**Prompt**:
Go through the data below and transcribe it exactly. Omit the images.
[Opening Material provided section]
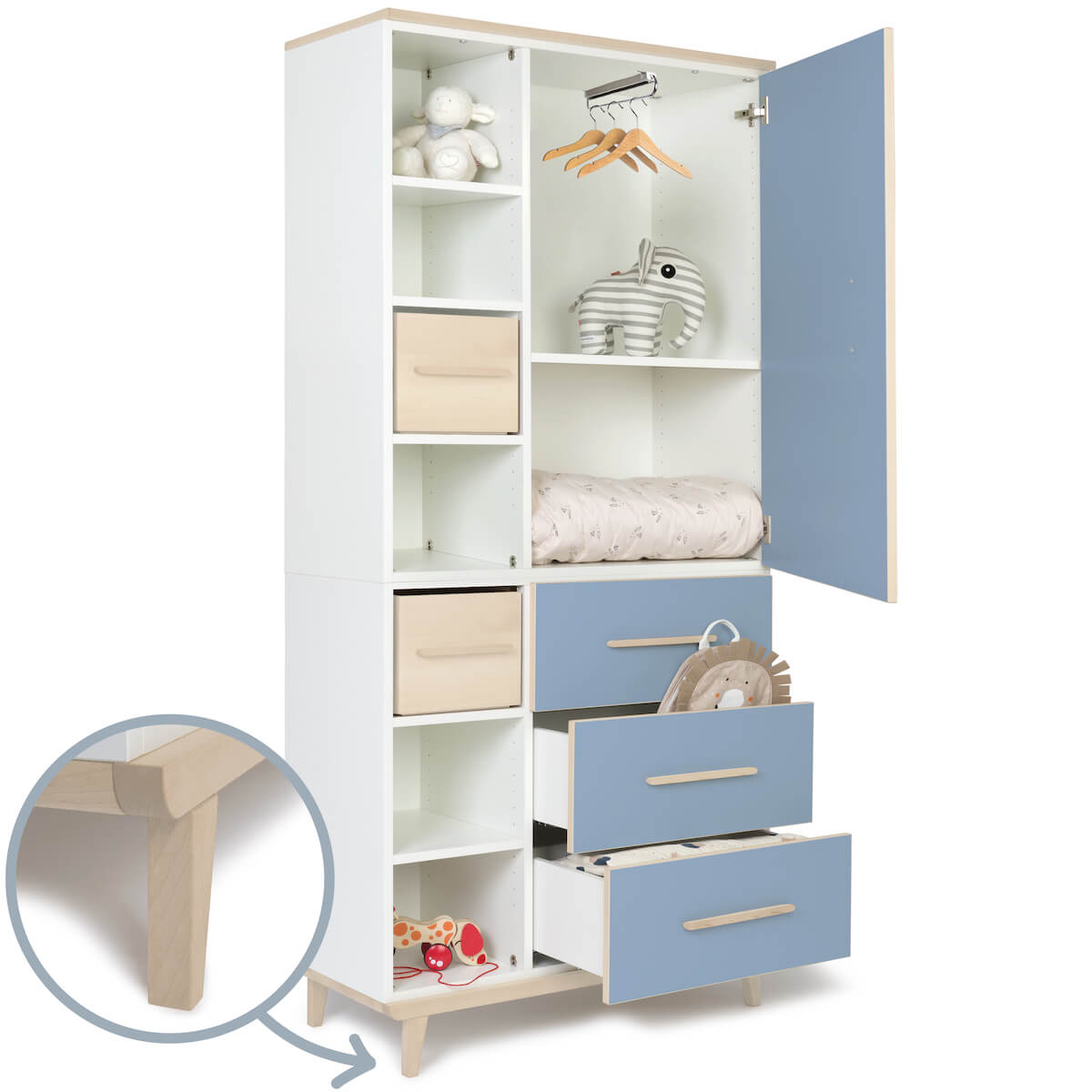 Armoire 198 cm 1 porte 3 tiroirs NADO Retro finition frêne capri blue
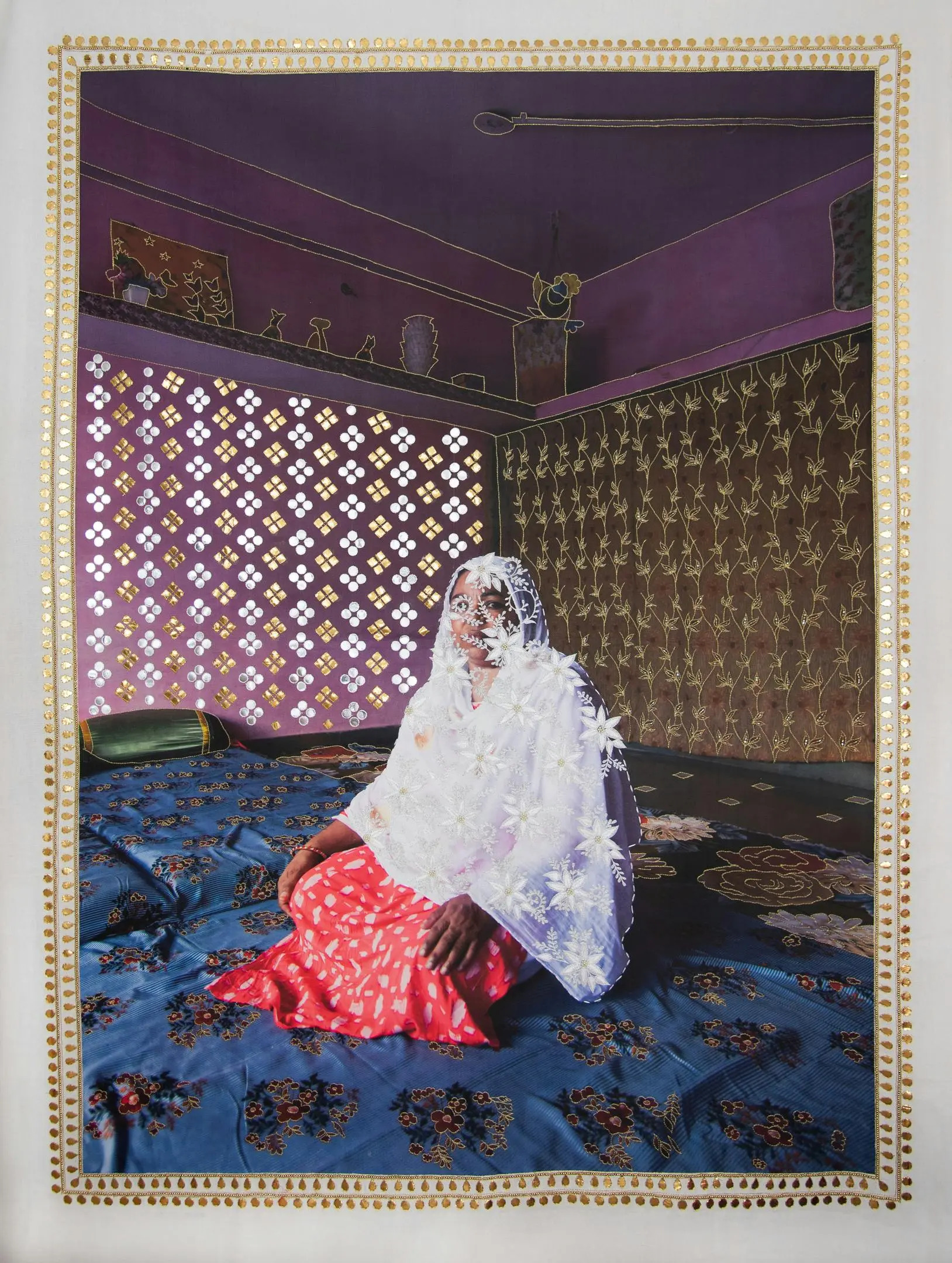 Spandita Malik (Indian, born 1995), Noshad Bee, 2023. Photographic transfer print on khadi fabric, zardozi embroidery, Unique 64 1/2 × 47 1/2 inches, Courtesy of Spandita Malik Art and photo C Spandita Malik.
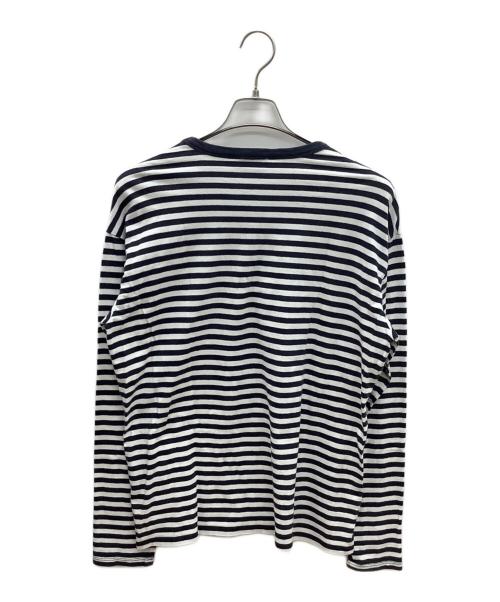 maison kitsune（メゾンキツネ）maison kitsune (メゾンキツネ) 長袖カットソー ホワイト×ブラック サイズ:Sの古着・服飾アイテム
[Closing Material provided section]
**Task output**:
 Armoire 198 cm 1 porte 3 tiroirs NADO Retro finition frêne capri blue
 Spandita Malik (Indian, born 1995), Noshad Bee, 2023. Photographic transfer print on khadi fabric, zardozi embroidery, Unique 64 1/2 × 47 1/2 inches, Courtesy of Spandita Malik Art and photo C Spandita Malik.
 maison kitsune（メゾンキツネ）maison kitsune (メゾンキツネ) 長袖カットソー ホワイト×ブラック サイズ:Sの古着・服飾アイテム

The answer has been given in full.